The National Council State Boards of Nursing (NCSBN) Simulation Study recognizes the challenge for students to obtain high-quality clinical experiences (Hayden, Smiley, Alexander, & Kardong-Edgren, 2014). There are only seven Boards of Nursing that have a specific number of mandated clinical hours in their Bachelor of Science in Nursing (BSN) programs (NCSBN, 2009), which can lead to variability in the amount of clinical skills experience a graduate nurse obtains. Graduate nurses (GNs) hired from BSN programs across the nation participating in the Graduate Nurse Residency program have stated during debriefs that they had limited opportunities to perform some of these skills during nursing school. Clinical skills practice was dependent on type of clinical rotation sites available which has resulted in a wide range in level of preparedness of new graduates for preforming clinical skills on patients.
A committee was formed to review the identified skills and determine methods to increase confidence and competency in performance. Healthcare simulation was selected as the instructional approach. The Dick and Carey Systems Approach Model for Designing Instruction was selected as the guiding framework for the simulation based instruction. Simulation of the skills identified above were planned strictly for practice and not for competency assessment.
Aim: The aim of these simulation education sessions was to improve learner confidence in the performance of selected skills as measured by self-report.
Intervention: The committee separated the skills into two skill sets: beginner (peripheral IV starts, Foley catheter insertion, NG tube insertion and CVC dressing change) and advanced (trach care/airway management, chest tube management and blood administration and intravenous tubing set-up). Baseline learner knowledge and the instructional setting was considered. Simulation skills sessions were designed in 2 four-hour segments during months two and three, respectively of the residency 12-month curriculum. For each of the sessions, learner objectives were developed to guide instruction. Institutional policies, procedures, and Mosby’s Nursing Procedures and Skills checklist were selected for content development and learner self-evaluation of performance.
Ericsson’s Deliberate Practice was selected as the theoretical foundation for the simulation methodology. Deliberate practice is continuous practice with a focus on competency mastery. Deliberate practice encourages learner-centered and paced educational approaches where learners are provided supervised practice until mastery in a skill is achieved. The goal is to move the learner from novice performance to mastery in a particular skill set (Ericcson, Krampe, Tesch-Romer, 1993; Ericsson, 2008). Partial task trainer simulators in a low fidelity environment comprised the simulation technique. The focus of the technique is to increase the validity of the training by minimizing the effects of increased situational fidelity to teach skills that can be easily transported into a real world situation. In essence, we sought to ensure technical skills in the areas identified were mastered so in escalating patient situations learners have a strong appreciation of the skills to perform competently in their roles. Skills were divided into stations. Developers conducted practice runs of procedures and skills to determine flow and timing. Subject matter experts (SME) for each skill were identified. The SMEs provided the content for orientation of facilitators for each of the skills stations. Additionally, an orientation for learners and facilitators was developed.

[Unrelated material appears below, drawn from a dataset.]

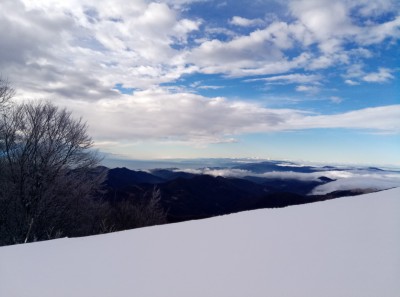 verso la cima 5.jpg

The first skills simulation day was implemented in May 2013. Nurse Educators and clinical staff with expertise in specific skills volunteered as facilitators for the stations. The participants were provided an orientation to the simulation lab and expectations. Stations were set up for each skill and printed procedure guidelines were provided. The participants were divided into small groups and each group was given 30 minutes to rotate through each of the skills station.
The program was piloted with two residency groups who completed the beginner and advanced simulation days. From feedback during this pilot period the developers identified that more didactic overview of chest tube and trach/airway stations was required. Also, the advanced skills stations required additional time for completion. It was identified that the blood administration sets and complex intravenous tubing set-up session could be moved to the beginner skills day and coupled with the peripheral IV start station. Port-a-cath accessing and de-accessing was added to the advanced day due to request from previous evaluations and recent past learners.
Outcomes: At the beginning of the nurse residency program, the GNs are asked which skills they feel uncomfortable performing. After completion of the residency program 12-months later, their comfort with these skills is again assessed. With two groups of residency classes attending the program, there was a reduction in request for skills by 86.3%. Only 13.7% of respondents said they were uncomfortable with the skills A further reduction in request for skills by 92.7% was noted after program revisions were made following the pilot period where only 7.3% of respondents said they were uncomfortable with the skills Additionally, after each skills session, GNs attitude towards the benefits of the simulation experience was assessed. 99% of the survey respondents reported that they agreed or strongly agreed that the simulation was beneficial.
Conclusions: Simulation can be introduced into the nurse residency period for new graduate nurses to successfully enhance participants’ comfort with both fundamental and advanced clinical skills. Integrating a deliberate practice approach to this training can further enhance both participants comfort with performing these skills, and ultimately their efficacy in delivering safe, effective care at the bedside.